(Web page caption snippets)

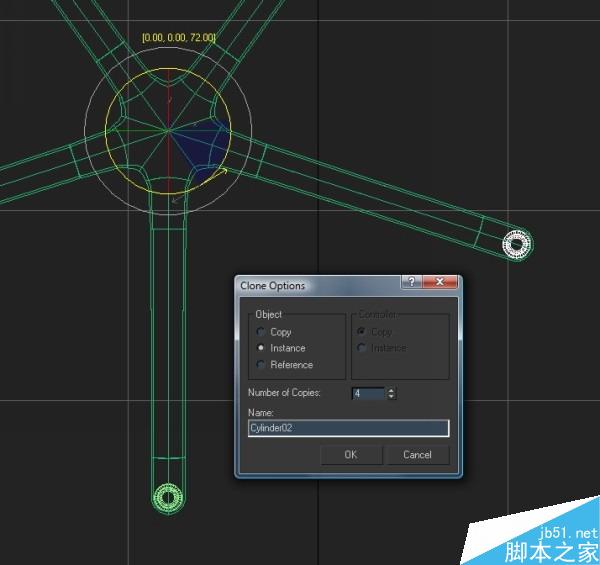 3DSMAX´òÔìÐÝÏÐÒÎÄ£ÐÍ ½Å±¾Ö®¼Ò 3DSMAX½¨Ä£½Ì³Ì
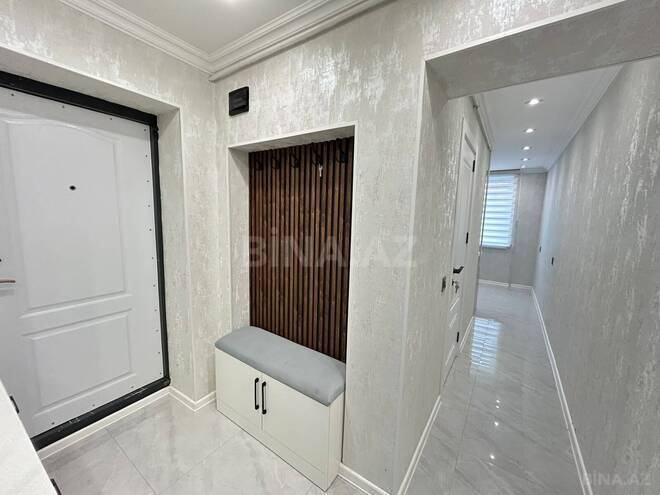 Satılır 3 otaqlı köhnə tikili 75 m², Qara Qarayev m., photo 14 from 24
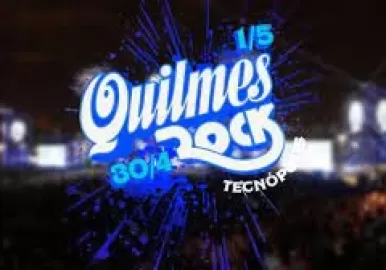 Quilmes Rock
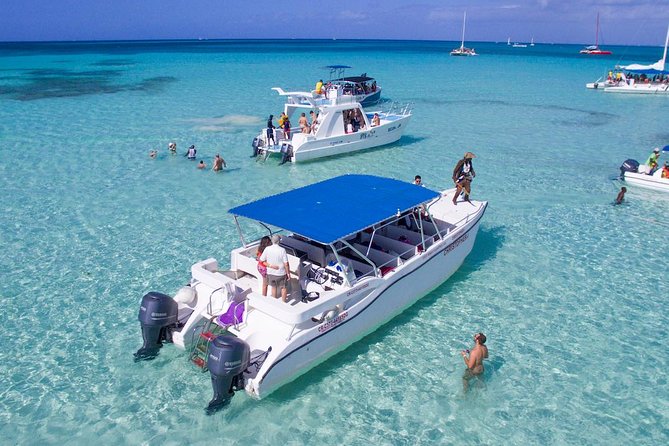 Saona Island Excursion from Bayahibe - Saona from Bayahibe: why this trip feels worth your time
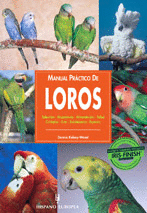 MANUAL PRÁCTICO DE LOROS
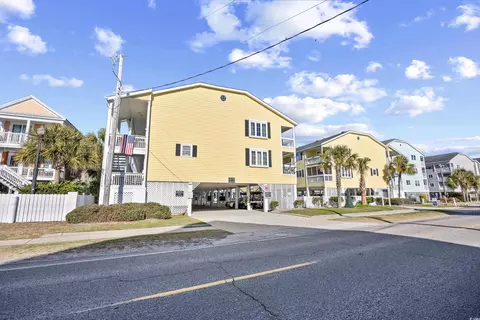 1425 N Waccamaw Dr #125, Murrells Inlet, SC 29576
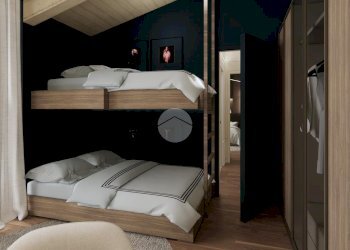 Attico Via Matteotti, Leini - foto 6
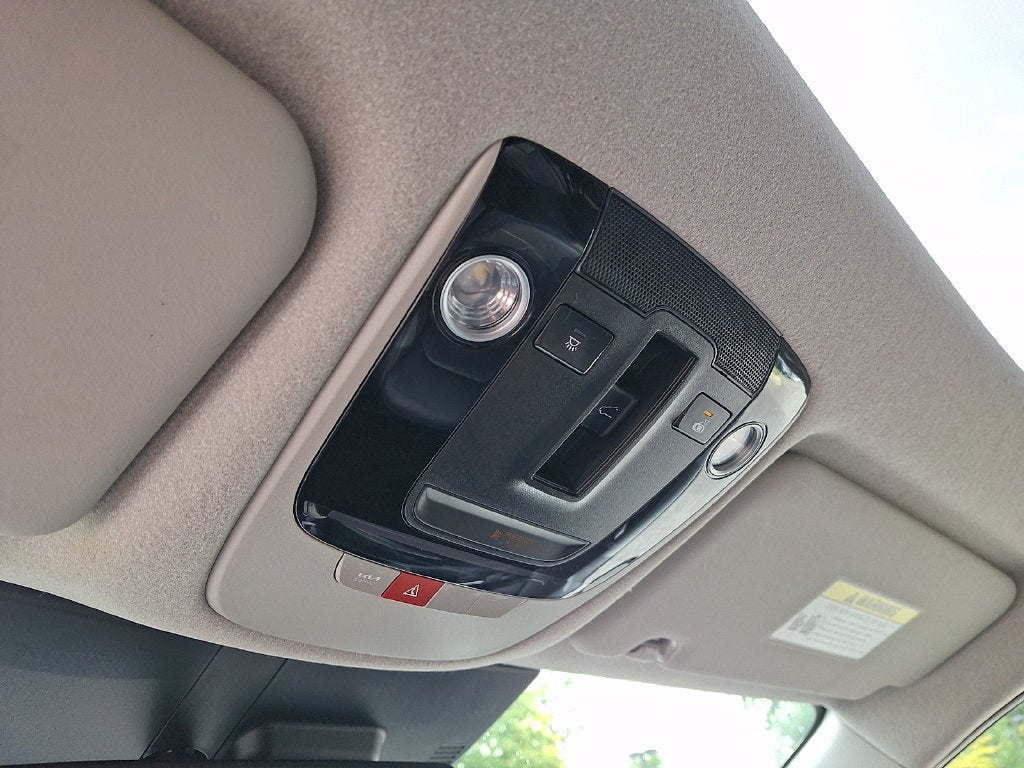 2024 Kia Niro EV Wave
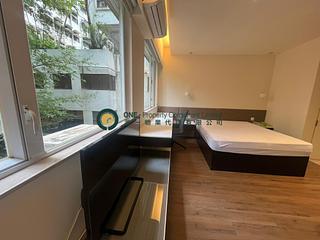 Wan Chai - Sun Hing Mansion 07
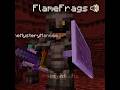 FlameFrags Saved ParrotX2 Minecraft Edit Shorts mp3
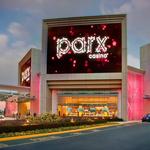 Parx Casino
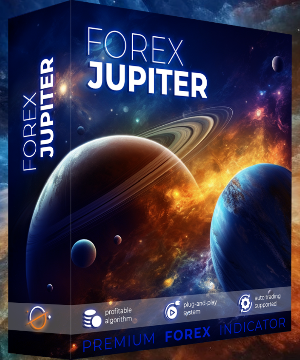 Forex Jupiter EA DLL Indicator+ Manger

YOUR OBJECTIVE » An answer containing only the lines from the one holding "Quilmes Rock" through the close of the entries above, reproduced exactly and stripped of pictures, is expected.

SOLUTION FOR THIS TASK »
 Quilmes Rock
 Saona Island Excursion from Bayahibe - Saona from Bayahibe: why this trip feels worth your time
 MANUAL PRÁCTICO DE LOROS
 1425 N Waccamaw Dr #125, Murrells Inlet, SC 29576
 Attico Via Matteotti, Leini - foto 6
 2024 Kia Niro EV Wave
 Wan Chai - Sun Hing Mansion 07
 FlameFrags Saved ParrotX2 Minecraft Edit Shorts mp3
 Parx Casino
 Forex Jupiter EA DLL Indicator+ Manger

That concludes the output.